Try it: Lift out, unaltered, the lines of the material below between the line holding "player_f1 - Tote Bag - white - Front" and the line holding "1973 Ike UNC Silver Dollar (Blue Pack)", counting both.
BEGIN Task material
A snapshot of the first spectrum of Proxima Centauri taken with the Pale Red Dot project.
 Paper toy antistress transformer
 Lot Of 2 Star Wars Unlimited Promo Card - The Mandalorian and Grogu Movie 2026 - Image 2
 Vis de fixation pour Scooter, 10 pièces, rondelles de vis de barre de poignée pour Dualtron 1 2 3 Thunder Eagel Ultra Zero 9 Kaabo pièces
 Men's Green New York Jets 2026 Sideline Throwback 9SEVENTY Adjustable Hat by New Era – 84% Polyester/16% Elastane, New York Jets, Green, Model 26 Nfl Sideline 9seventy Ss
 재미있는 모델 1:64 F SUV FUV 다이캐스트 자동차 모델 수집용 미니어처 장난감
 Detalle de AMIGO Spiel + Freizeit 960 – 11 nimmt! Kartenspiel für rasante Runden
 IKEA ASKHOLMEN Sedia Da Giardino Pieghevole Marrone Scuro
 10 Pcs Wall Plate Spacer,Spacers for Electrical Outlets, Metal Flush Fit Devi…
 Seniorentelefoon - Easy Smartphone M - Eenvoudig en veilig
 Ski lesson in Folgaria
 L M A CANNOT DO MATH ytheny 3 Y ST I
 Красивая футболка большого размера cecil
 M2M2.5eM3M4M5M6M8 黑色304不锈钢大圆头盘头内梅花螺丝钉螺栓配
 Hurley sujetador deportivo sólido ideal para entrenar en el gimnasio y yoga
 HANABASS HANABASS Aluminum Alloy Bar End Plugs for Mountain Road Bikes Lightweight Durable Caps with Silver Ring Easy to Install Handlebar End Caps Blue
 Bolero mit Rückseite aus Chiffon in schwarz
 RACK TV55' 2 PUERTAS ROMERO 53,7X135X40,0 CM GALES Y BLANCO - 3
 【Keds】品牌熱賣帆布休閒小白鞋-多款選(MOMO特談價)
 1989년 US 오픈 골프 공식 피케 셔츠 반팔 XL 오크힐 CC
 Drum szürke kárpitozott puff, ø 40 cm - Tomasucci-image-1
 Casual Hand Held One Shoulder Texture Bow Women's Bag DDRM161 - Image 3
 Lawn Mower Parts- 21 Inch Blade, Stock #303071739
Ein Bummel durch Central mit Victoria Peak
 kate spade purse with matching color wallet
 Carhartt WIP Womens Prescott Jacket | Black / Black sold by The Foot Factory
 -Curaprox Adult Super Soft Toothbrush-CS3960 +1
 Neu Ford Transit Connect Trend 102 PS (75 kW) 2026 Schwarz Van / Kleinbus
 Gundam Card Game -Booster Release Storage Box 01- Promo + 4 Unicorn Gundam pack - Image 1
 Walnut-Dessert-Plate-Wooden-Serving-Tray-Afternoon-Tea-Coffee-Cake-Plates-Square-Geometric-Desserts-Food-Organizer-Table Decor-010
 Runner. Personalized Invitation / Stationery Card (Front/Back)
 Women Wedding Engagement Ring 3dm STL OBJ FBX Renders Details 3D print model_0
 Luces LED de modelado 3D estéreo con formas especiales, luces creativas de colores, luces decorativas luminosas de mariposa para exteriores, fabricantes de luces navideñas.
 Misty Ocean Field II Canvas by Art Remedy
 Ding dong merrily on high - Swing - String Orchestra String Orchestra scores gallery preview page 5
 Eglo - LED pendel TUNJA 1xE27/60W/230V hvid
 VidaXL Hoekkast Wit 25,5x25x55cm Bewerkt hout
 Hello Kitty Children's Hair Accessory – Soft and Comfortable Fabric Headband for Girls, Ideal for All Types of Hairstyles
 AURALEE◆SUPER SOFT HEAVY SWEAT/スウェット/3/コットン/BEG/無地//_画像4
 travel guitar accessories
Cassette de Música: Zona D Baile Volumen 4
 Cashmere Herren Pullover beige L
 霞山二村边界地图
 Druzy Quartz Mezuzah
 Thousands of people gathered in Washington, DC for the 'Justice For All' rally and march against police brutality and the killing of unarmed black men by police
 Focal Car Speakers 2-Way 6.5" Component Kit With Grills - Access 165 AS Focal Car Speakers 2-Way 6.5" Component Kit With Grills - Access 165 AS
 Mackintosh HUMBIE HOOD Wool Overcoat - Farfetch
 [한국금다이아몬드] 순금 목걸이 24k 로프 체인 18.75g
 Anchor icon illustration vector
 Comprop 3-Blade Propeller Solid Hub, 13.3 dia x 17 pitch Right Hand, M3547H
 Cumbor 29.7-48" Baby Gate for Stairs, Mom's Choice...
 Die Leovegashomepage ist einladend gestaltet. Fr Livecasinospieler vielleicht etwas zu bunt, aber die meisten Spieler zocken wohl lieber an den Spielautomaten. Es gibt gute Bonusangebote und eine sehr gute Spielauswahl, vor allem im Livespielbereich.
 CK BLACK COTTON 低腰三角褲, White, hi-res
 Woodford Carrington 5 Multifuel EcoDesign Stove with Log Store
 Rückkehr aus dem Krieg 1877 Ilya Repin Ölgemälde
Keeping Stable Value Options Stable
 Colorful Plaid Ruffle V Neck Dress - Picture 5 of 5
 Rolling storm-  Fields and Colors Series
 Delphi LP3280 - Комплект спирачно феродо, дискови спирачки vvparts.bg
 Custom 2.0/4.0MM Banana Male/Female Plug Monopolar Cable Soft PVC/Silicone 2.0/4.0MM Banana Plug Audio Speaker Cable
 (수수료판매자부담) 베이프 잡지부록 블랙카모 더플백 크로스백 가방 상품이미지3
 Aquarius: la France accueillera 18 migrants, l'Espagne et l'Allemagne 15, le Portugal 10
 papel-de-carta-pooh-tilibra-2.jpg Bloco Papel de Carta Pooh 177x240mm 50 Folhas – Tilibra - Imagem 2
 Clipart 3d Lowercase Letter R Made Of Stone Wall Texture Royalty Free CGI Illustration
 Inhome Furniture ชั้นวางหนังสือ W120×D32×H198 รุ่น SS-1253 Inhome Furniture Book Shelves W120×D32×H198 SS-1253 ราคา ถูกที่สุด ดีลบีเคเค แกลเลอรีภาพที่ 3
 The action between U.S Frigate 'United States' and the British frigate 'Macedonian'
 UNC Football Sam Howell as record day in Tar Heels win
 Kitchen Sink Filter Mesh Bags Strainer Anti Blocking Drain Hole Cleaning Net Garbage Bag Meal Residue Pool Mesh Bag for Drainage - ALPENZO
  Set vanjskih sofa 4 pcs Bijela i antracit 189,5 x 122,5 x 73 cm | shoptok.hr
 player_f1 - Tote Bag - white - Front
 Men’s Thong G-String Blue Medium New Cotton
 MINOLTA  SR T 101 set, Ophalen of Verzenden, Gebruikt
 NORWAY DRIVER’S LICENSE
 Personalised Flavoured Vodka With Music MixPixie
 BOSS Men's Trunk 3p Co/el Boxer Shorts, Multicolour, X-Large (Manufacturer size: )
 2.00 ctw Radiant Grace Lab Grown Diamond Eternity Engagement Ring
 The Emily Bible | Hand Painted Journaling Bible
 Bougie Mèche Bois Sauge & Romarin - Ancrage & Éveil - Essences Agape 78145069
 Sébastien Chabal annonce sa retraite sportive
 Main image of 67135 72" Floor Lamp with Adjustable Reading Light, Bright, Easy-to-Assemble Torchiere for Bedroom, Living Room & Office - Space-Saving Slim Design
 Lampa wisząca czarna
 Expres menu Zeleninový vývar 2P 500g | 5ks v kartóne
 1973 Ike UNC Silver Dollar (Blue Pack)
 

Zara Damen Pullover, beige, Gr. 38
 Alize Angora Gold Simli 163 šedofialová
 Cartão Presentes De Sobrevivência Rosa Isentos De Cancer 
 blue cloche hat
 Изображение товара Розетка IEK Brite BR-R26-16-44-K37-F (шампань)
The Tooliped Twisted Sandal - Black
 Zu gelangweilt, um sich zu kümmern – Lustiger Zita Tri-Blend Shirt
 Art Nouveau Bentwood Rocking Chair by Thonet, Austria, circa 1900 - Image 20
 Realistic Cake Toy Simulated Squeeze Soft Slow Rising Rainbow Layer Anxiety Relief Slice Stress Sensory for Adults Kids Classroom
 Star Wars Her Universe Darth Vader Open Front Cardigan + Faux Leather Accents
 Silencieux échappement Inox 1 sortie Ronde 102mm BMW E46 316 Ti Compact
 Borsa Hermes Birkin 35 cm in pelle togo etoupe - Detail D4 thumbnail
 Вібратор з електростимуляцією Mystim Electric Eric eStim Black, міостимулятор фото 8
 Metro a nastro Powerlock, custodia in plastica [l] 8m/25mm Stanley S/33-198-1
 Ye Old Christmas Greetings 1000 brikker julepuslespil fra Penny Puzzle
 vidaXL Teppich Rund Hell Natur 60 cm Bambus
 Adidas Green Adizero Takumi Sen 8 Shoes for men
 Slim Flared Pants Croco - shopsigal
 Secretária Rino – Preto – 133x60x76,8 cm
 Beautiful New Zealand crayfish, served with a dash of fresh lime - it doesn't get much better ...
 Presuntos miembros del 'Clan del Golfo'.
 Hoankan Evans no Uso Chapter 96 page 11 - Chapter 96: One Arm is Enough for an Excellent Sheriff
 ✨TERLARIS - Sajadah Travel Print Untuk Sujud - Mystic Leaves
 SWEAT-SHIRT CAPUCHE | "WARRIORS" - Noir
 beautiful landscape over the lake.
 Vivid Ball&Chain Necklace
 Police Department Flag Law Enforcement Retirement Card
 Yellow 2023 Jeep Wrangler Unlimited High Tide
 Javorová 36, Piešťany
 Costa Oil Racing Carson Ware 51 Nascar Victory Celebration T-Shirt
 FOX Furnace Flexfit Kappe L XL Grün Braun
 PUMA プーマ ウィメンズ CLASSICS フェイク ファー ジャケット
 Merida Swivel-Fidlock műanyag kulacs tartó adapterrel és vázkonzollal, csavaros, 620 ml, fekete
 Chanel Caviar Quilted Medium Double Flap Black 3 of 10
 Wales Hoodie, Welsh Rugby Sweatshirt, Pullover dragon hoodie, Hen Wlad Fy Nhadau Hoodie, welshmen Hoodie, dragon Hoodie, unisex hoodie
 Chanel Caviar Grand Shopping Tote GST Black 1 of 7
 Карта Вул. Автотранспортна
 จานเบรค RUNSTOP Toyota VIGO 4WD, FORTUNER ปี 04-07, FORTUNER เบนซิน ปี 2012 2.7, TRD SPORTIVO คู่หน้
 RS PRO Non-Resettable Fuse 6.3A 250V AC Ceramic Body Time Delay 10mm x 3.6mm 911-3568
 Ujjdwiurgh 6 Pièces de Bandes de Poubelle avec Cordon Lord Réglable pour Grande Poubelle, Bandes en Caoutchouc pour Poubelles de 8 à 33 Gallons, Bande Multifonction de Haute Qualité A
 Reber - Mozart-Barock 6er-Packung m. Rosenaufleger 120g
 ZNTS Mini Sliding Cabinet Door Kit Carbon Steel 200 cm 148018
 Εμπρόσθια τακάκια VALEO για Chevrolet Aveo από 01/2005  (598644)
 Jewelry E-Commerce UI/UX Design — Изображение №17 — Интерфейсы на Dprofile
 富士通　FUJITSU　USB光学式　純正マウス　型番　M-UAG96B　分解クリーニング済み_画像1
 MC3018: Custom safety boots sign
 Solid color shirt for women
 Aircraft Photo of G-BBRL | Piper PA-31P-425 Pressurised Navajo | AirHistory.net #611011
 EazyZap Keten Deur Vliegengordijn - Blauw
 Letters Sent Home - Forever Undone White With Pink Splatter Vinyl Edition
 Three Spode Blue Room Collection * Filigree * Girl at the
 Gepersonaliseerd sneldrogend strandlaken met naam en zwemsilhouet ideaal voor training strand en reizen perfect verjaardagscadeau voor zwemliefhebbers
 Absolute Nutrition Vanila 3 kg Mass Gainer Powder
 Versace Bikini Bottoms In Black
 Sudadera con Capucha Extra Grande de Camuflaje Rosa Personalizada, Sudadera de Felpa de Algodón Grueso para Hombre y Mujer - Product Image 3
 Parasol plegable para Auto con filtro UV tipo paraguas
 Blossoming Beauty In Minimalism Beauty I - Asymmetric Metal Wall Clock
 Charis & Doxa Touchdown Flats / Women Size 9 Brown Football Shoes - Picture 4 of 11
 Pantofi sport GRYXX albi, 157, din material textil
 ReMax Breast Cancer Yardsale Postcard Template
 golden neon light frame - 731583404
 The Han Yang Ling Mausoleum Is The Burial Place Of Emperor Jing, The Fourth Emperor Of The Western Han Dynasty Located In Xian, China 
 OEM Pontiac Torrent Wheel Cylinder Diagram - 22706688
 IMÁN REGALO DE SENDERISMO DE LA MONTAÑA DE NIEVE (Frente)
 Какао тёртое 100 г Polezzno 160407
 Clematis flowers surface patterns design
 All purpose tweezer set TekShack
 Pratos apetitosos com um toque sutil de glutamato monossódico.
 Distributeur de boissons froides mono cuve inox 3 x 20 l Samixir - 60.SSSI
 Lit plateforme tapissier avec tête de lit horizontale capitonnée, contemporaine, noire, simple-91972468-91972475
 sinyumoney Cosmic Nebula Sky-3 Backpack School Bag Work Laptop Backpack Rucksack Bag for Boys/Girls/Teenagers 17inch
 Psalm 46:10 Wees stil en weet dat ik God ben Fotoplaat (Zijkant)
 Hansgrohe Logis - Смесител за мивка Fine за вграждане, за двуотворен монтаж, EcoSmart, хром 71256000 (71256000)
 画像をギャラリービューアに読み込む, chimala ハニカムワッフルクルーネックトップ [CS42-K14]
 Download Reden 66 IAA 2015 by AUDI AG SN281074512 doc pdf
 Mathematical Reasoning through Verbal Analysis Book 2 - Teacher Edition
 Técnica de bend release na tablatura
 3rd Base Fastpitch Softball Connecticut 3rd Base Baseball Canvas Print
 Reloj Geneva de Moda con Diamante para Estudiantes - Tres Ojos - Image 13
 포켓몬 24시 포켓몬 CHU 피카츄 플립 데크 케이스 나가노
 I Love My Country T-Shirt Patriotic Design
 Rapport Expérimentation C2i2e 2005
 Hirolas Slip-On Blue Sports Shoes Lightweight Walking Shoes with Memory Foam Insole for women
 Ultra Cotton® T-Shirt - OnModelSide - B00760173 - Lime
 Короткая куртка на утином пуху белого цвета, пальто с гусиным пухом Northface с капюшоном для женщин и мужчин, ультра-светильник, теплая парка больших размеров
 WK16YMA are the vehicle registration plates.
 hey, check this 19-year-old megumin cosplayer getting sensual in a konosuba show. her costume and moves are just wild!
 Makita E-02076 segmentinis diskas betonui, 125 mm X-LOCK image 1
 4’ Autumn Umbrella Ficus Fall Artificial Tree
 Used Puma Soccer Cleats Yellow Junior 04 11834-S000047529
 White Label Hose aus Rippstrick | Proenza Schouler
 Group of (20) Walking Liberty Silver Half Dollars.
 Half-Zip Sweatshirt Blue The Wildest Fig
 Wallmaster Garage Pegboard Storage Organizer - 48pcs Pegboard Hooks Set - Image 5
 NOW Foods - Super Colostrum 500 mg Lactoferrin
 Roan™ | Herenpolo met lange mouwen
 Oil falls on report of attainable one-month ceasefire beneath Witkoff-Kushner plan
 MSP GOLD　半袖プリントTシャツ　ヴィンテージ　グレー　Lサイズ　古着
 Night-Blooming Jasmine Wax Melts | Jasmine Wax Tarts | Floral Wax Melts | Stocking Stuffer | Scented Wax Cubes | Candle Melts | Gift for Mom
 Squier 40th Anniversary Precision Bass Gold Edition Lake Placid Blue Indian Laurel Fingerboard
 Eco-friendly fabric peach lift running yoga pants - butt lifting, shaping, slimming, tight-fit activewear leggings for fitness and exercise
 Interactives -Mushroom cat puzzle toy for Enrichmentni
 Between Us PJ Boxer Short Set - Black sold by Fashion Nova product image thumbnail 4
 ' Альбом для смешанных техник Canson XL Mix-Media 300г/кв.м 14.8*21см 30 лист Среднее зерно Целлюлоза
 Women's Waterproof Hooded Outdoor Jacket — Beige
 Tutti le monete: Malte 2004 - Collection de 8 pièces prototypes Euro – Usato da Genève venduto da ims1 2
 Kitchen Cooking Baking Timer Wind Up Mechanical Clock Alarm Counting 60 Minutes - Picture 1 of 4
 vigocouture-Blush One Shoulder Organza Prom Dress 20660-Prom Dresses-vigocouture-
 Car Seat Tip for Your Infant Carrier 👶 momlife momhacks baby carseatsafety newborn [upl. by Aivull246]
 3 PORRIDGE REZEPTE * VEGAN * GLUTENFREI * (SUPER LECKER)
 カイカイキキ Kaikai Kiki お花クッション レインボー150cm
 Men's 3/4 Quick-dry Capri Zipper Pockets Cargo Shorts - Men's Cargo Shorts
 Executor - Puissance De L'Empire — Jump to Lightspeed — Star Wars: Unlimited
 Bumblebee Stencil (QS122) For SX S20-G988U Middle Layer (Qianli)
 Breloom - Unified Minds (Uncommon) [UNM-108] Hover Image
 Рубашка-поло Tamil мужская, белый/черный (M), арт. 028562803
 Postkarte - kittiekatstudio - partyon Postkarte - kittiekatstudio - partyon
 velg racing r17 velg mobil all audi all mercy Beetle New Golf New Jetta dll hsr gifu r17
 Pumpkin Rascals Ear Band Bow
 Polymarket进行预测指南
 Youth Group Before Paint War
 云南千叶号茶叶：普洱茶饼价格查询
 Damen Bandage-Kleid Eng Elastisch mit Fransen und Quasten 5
END Task material
Answer box:
 player_f1 - Tote Bag - white - Front
 Men’s Thong G-String Blue Medium New Cotton
 MINOLTA  SR T 101 set, Ophalen of Verzenden, Gebruikt
 NORWAY DRIVER’S LICENSE
 Personalised Flavoured Vodka With Music MixPixie
 BOSS Men's Trunk 3p Co/el Boxer Shorts, Multicolour, X-Large (Manufacturer size: )
 2.00 ctw Radiant Grace Lab Grown Diamond Eternity Engagement Ring
 The Emily Bible | Hand Painted Journaling Bible
 Bougie Mèche Bois Sauge & Romarin - Ancrage & Éveil - Essences Agape 78145069
 Sébastien Chabal annonce sa retraite sportive
 Main image of 67135 72" Floor Lamp with Adjustable Reading Light, Bright, Easy-to-Assemble Torchiere for Bedroom, Living Room & Office - Space-Saving Slim Design
 Lampa wisząca czarna
 Expres menu Zeleninový vývar 2P 500g | 5ks v kartóne
 1973 Ike UNC Silver Dollar (Blue Pack)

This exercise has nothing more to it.